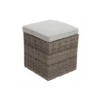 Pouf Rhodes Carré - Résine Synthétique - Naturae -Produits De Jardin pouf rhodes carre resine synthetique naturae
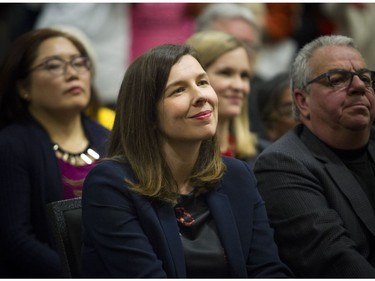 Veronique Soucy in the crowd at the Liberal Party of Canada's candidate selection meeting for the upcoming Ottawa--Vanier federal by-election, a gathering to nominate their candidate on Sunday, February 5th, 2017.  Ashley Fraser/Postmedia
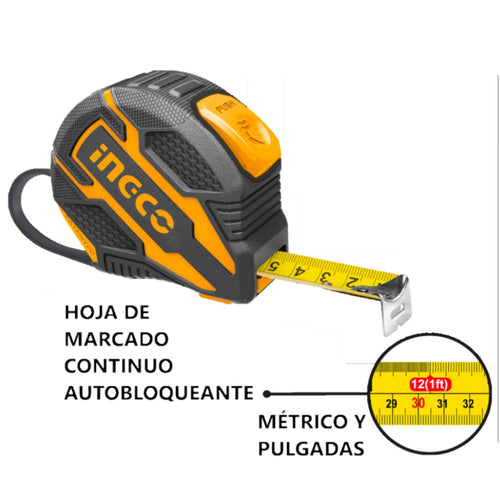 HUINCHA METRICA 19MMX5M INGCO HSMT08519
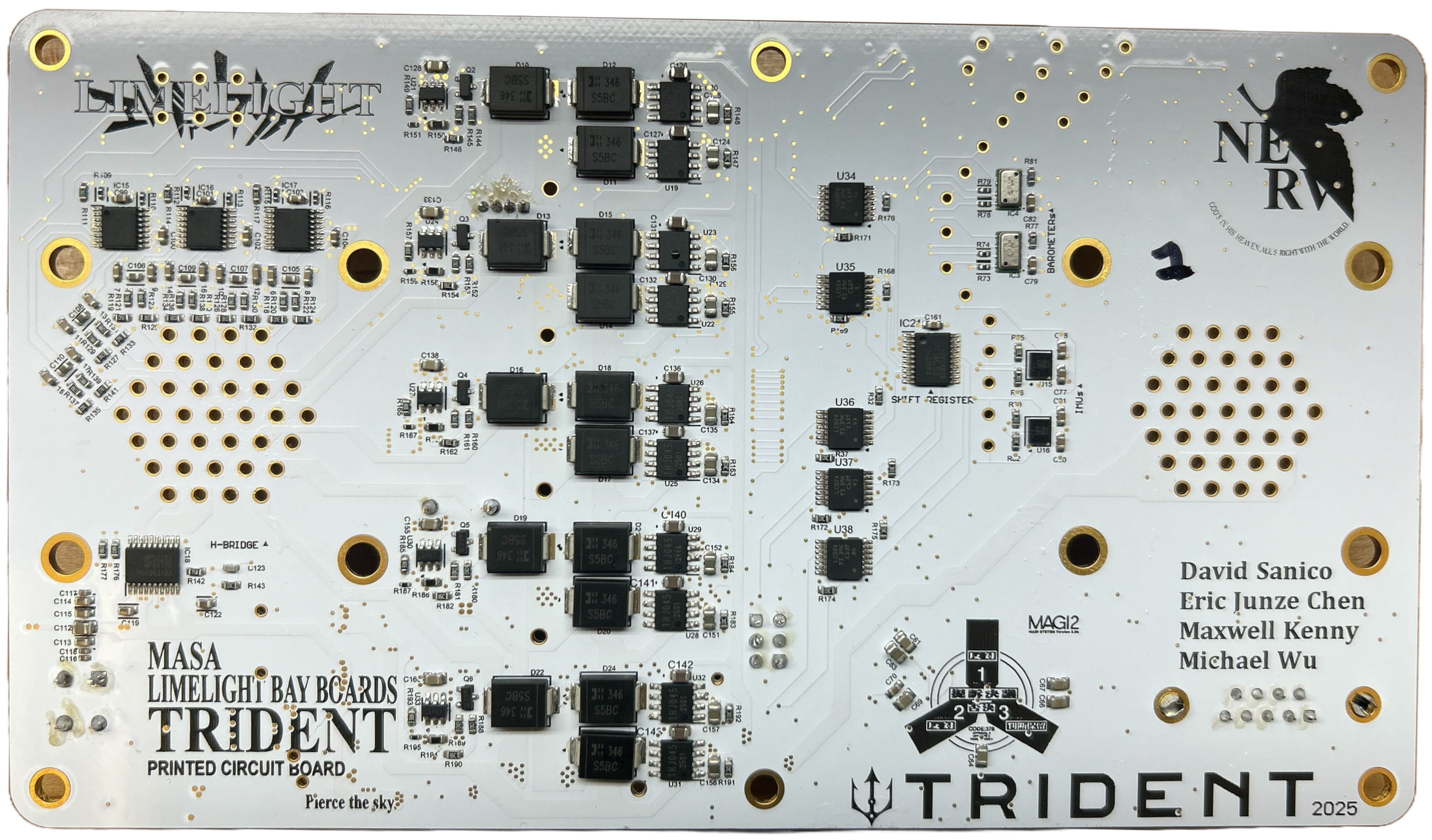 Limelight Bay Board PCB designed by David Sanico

* * *

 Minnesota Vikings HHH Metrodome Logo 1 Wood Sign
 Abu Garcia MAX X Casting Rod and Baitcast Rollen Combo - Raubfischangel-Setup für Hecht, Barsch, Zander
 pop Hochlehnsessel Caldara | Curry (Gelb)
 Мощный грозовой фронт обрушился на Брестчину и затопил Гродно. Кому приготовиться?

Work required: Going by the data above, give back only the lines from the one containing "Veronique Soucy in" through the one containing "HUINCHA METRICA 19MMX5M INGCO HSMT08519", exactly as they stand, both ends included and no images.

Exercise solution:
 Veronique Soucy in the crowd at the Liberal Party of Canada's candidate selection meeting for the upcoming Ottawa--Vanier federal by-election, a gathering to nominate their candidate on Sunday, February 5th, 2017.  Ashley Fraser/Postmedia
 HUINCHA METRICA 19MMX5M INGCO HSMT08519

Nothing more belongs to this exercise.